YOUR GOAL
The listing below is to be copied exactly, with pictures excluded.

GIVEN MATERIAL
/---
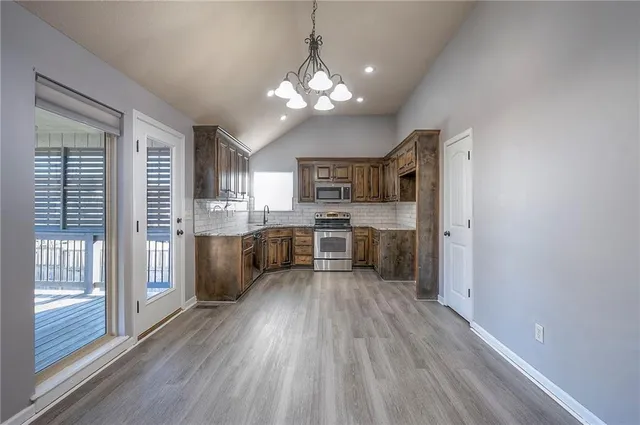 $364,900 | 11933 North Forest Avenue, Kansas City, MO 64155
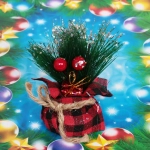 Композиция новогодняя «Веточка с ягодкой» 11 см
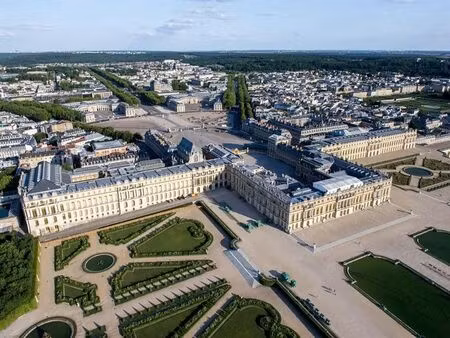 location commerce versailles 78000 235m²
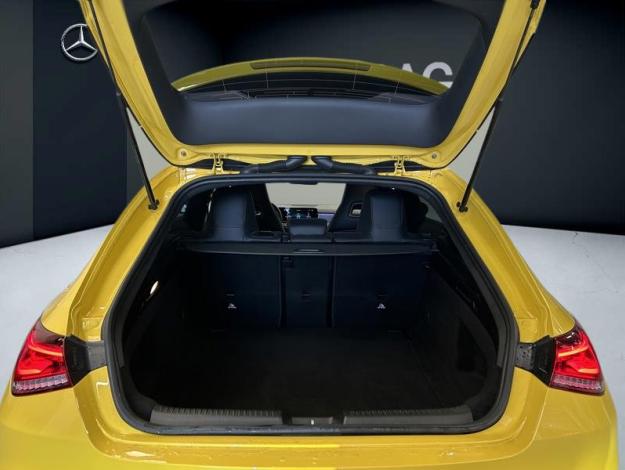 MERCEDES-BENZ CLA-Klasse CLA 180 Shooting Brake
\---
WORKED SOLUTION
 $364,900 | 11933 North Forest Avenue, Kansas City, MO 64155
 Композиция новогодняя «Веточка с ягодкой» 11 см
 location commerce versailles 78000 235m²
 MERCEDES-BENZ CLA-Klasse CLA 180 Shooting Brake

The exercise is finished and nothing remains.